Professor Michael Caramanis (ME, SE) is working to change that by developing algorithms that will enable consumers choose when and how they use electricity. Recognizing the potential of this approach, the Alfred P. Sloan Foundation has awarded Caramanis a $420,000 grant to pursue it.

ME.Faculty.Caramanis
Professor Michael Caramanis (ME, SE)

“In a distribution network today, you pay an average price whether you consume in the morning or at night, on a hot or cold day, and regardless of the location of the grid that you are connected to,” said Caramanis. “This practice results in an electric power system that operates very inefficiently and provides perverse incentives for inefficient investments by all parties involved.”

Caramanis is developing algorithms that take a number of generation and usage factors into account and derive dynamic prices. Smartphone apps that incorporate these algorithms could enable users to take advantage of the emerging Internet of Things and pursue their preferences at the lowest cost or highest benefit.

“Knowing how electricity prices will change over time and in particular their locational granularity, will be very important information to consumers,” Caramanis added. “For example, in midday, prices are high in commercial areas but low in residential areas where everyone is away at work; the opposite trend is true in the evening. We want to empower the consumers by giving them information and financial incentives to do the right thing.”

Consumers might, for instance, specify when they expect to plug in electric vehicles to charging outlets and when they expect to depart. The consumer’s smartphone would then monitor the cost of electricity at that charger’s location and implement a charging schedule that takes advantage of low-cost times and avoids high-cost times. Using price information sharing, a smart thermostat might precool or preheat a suburban home and a grid-friendly dishwasher could be run at a time of day when electricity prices are low. Micro-generators could even be used to provide reserves.

Such usage would allow utilities to optimize their distribution networks, reducing their costs and allowing them to pass along savings to consumers. It would also facilitate more efficient use of solar and wind power, much of which is underutilized in the current system. Taken together, Caramanis believes his proposed dynamic price discovery and sharing market will contribute to lower energy costs and increased adoption of clean, renewable energy sources.

Caramanis and his research group have already conducted computer simulations that demonstrate the potential for significant benefits of optimal spatiotemporal electricity pricing.
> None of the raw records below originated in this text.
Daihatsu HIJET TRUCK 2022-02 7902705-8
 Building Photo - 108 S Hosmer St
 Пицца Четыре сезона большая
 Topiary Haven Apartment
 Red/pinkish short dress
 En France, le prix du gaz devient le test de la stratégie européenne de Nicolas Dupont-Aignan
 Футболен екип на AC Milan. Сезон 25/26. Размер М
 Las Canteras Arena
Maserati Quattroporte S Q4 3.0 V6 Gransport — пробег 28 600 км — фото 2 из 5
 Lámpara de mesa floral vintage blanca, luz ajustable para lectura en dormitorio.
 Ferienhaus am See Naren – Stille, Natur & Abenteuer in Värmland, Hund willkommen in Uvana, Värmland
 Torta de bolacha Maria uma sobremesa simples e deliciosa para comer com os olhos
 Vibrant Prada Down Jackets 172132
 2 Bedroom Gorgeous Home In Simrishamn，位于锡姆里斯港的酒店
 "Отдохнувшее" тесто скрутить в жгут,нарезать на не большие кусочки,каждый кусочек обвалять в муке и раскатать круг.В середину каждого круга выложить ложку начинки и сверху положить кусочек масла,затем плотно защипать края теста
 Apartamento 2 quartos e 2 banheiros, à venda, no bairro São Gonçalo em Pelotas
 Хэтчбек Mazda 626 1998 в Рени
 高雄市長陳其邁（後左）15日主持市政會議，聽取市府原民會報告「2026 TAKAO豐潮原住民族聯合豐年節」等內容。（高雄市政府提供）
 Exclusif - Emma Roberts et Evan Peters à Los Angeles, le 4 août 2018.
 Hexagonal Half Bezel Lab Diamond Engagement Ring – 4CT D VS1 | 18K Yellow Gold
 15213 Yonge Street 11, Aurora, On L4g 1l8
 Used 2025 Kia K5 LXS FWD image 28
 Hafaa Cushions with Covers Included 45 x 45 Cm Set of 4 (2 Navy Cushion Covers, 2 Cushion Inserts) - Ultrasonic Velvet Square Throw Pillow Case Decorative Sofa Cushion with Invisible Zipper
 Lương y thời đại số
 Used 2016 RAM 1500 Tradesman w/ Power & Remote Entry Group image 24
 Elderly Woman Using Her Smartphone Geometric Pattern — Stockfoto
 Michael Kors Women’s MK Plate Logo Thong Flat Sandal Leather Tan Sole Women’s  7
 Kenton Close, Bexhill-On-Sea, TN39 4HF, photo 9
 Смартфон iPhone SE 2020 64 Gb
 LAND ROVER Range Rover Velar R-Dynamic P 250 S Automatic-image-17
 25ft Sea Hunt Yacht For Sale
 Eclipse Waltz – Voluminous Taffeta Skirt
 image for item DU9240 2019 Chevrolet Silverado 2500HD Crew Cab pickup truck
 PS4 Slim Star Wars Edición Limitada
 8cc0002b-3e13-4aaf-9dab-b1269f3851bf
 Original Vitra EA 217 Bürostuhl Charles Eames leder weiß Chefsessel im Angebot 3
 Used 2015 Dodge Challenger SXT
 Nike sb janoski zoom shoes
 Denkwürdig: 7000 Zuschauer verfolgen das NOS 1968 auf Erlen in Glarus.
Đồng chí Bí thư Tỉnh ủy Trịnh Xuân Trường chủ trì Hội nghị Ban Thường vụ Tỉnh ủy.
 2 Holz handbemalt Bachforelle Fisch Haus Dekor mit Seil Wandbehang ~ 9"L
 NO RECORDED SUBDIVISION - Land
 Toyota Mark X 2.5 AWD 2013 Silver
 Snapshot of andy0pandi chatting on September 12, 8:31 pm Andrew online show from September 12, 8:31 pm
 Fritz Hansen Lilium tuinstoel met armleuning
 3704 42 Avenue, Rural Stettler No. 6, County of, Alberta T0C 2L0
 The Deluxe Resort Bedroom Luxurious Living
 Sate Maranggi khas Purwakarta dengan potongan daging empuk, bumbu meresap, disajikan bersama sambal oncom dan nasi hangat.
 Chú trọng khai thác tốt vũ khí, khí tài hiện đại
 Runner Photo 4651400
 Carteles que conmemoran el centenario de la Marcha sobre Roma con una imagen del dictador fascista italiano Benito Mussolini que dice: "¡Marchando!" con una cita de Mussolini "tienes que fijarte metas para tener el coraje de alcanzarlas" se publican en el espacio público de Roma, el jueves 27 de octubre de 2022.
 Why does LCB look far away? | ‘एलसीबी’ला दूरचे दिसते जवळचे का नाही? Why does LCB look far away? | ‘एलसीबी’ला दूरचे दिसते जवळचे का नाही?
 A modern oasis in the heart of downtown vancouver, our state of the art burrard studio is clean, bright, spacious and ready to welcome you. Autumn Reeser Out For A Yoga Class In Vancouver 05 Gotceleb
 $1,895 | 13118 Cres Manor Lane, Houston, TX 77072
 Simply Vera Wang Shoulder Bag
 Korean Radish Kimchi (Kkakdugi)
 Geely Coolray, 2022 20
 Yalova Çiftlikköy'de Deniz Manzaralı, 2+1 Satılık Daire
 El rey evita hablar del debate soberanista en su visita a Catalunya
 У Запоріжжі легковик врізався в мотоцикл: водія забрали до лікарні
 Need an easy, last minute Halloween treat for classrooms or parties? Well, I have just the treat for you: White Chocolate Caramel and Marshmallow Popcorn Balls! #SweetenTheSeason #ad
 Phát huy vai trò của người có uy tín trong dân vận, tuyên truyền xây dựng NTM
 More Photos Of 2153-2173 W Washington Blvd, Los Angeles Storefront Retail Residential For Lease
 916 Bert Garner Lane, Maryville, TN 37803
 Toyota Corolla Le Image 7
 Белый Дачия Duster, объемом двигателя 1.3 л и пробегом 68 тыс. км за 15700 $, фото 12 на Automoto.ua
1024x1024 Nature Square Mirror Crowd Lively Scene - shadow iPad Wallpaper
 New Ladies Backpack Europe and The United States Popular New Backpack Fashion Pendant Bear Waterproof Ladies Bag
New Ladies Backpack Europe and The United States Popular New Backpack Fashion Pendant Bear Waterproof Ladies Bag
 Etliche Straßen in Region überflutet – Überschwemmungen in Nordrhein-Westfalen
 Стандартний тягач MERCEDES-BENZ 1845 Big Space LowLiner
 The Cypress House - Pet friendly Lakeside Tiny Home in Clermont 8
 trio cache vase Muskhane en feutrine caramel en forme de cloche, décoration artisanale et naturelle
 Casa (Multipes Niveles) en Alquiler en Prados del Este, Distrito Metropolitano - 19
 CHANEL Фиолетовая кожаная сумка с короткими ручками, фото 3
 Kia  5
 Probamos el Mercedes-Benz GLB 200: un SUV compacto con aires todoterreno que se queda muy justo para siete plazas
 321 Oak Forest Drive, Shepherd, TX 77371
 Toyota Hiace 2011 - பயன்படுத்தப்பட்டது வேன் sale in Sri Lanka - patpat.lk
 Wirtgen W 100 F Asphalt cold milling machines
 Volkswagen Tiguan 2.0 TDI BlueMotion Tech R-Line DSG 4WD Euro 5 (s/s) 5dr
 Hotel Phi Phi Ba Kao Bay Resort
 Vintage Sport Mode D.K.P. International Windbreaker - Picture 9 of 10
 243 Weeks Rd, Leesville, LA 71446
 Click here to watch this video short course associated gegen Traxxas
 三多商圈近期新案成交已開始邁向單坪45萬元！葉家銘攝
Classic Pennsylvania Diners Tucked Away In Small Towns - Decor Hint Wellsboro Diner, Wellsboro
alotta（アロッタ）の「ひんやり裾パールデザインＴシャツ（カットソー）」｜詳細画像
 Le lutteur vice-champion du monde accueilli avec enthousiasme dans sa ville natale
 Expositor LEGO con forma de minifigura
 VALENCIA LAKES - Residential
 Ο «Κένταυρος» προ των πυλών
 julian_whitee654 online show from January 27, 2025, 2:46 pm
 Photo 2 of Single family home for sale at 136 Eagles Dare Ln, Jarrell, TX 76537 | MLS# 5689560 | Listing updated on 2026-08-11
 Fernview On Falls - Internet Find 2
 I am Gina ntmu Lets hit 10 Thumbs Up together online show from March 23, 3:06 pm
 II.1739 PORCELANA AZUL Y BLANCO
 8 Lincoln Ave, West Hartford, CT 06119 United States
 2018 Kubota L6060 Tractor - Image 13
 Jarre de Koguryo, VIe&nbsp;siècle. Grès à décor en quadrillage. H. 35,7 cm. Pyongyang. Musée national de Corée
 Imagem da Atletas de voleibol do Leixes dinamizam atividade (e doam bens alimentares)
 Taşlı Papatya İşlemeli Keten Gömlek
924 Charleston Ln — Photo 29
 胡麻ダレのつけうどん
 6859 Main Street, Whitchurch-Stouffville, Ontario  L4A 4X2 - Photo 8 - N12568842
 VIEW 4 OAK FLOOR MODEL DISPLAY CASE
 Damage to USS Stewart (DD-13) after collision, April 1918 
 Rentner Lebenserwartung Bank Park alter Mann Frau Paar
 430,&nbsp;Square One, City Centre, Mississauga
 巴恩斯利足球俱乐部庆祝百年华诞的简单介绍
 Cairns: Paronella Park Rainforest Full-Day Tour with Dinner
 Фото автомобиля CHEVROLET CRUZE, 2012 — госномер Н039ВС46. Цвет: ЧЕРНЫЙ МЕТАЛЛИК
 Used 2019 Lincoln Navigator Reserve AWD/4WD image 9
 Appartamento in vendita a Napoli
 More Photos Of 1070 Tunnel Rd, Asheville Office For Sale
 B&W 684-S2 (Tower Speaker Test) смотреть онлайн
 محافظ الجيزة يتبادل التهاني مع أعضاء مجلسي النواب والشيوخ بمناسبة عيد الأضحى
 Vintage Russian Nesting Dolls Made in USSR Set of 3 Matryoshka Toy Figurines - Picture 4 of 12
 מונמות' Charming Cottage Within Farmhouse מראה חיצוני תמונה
The Sloan Foundation grant will facilitate pilot studies using actual networks to evaluate the impact of spatiotemporal pricing, and Caramanis expects the results to boost confidence in the technology. A wide range of utilities, including National Grid, have expressed strong interest in participating.

“Building confidence is the key prerequisite to establishing a new market. Although we have already simulated benefits in computer studies, demonstrating bilateral benefits for utilities companies and consumers in actual pilot studies can provide invaluable momentum,” said Caramanis. “The Sloan Foundation grant will allow us to verify these benefits by key participating stakeholders including distribution companies, practitioners, regulators and consumer advocates. Should applicability and societal benefits be documented, barriers to the adoption of efficient distribution markets will have been significantly overcome.”